### Exercise
In the data below, which lines hold "with"? Copy every one.

Records from a data collection
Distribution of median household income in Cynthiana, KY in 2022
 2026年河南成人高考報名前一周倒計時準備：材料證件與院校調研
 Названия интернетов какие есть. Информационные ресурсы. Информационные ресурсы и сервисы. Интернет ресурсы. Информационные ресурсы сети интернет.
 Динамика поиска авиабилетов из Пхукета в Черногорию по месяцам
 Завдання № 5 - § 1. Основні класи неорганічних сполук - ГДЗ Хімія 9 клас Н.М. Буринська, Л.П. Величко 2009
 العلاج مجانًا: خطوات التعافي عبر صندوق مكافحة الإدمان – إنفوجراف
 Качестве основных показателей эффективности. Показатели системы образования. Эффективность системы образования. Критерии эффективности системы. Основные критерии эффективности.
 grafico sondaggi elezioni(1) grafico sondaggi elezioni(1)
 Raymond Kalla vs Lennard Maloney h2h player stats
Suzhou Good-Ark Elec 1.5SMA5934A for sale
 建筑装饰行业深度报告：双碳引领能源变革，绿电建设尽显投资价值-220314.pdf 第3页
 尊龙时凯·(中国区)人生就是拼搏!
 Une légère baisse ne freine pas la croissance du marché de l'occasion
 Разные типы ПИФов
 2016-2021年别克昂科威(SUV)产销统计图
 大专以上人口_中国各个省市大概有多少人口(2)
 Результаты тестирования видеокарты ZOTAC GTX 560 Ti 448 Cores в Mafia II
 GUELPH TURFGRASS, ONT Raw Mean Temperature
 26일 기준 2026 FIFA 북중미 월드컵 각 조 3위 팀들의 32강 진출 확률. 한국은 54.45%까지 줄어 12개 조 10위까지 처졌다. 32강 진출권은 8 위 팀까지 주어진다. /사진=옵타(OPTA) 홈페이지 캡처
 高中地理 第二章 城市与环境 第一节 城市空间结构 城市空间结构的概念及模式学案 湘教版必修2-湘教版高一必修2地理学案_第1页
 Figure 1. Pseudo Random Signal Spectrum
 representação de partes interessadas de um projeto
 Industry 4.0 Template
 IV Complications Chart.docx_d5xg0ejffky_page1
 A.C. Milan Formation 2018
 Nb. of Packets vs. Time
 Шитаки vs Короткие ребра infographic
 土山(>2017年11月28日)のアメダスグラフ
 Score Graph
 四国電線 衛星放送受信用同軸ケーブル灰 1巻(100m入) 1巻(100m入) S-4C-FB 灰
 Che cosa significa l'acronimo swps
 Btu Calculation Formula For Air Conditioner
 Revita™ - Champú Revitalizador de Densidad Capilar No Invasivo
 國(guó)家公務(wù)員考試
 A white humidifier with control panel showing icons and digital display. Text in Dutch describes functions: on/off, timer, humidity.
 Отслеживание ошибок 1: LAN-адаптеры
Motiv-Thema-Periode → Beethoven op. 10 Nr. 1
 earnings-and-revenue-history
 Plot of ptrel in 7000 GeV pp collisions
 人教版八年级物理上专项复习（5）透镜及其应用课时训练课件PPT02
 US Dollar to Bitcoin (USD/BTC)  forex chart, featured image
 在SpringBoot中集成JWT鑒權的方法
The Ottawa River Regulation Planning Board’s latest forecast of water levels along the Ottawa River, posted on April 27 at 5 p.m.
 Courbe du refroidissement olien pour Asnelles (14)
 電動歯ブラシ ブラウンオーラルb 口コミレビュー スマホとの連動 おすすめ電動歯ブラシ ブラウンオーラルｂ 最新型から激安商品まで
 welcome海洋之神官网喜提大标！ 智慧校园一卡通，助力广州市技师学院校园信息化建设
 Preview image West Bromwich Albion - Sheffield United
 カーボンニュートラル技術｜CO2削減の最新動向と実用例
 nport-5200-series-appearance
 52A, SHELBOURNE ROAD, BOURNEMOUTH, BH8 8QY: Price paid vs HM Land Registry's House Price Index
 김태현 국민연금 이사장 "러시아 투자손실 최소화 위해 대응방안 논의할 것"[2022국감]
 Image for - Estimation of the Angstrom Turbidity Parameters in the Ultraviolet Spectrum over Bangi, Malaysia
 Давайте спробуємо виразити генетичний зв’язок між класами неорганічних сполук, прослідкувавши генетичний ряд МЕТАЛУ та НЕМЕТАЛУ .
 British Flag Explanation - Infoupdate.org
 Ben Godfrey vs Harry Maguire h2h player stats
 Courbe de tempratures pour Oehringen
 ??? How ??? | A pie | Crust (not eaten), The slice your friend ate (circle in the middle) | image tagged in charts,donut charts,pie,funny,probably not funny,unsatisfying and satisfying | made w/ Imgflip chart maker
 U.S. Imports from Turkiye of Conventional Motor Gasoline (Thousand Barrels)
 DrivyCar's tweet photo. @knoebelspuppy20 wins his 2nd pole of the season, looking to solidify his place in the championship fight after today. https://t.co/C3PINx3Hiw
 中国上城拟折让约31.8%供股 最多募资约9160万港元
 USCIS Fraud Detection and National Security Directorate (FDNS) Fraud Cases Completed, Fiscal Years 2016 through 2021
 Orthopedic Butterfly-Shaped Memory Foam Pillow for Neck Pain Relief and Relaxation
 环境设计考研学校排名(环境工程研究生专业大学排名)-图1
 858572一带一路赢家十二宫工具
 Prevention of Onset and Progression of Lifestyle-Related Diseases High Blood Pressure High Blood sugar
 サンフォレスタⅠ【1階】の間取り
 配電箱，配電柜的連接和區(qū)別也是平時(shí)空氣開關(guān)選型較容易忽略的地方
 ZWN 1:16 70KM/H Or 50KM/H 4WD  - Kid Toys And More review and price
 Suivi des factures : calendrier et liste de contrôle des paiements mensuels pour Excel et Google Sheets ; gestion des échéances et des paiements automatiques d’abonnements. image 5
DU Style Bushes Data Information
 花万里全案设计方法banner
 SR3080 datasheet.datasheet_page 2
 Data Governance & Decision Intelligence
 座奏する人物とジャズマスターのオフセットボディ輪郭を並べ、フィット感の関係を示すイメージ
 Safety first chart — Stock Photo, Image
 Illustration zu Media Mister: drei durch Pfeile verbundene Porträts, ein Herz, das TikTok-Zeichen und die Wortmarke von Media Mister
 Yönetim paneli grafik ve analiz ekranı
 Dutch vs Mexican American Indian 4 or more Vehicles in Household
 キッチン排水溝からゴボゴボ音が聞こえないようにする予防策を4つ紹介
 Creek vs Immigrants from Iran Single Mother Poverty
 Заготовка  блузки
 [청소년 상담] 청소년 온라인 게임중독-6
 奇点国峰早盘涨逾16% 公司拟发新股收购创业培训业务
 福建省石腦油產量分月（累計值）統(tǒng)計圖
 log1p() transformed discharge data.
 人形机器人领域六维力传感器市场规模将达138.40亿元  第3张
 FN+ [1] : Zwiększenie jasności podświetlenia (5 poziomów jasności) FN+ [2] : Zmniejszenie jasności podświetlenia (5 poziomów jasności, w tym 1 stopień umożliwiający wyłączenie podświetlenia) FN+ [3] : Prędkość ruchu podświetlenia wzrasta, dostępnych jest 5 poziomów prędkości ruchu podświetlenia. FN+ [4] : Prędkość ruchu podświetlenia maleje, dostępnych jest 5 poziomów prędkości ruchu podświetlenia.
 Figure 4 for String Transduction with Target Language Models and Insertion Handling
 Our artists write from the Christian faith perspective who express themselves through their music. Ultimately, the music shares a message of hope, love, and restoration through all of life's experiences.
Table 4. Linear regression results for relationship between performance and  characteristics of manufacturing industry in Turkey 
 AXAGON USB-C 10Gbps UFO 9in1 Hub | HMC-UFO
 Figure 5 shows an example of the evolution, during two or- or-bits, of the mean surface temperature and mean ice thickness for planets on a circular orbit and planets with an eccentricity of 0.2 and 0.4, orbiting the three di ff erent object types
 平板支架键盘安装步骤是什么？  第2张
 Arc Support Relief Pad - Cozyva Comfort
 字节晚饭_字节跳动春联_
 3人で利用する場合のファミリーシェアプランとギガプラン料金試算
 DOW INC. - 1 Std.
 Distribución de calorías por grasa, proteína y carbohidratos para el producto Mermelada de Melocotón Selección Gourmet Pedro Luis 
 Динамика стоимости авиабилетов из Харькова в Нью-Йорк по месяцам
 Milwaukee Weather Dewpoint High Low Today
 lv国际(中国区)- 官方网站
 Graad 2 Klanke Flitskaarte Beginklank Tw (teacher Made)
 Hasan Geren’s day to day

### Response
 A white humidifier with control panel showing icons and digital display. Text in Dutch describes functions: on/off, timer, humidity.
 Figure 4 for String Transduction with Target Language Models and Insertion Handling
 Figure 5 shows an example of the evolution, during two or- or-bits, of the mean surface temperature and mean ice thickness for planets on a circular orbit and planets with an eccentricity of 0.2 and 0.4, orbiting the three di ff erent object types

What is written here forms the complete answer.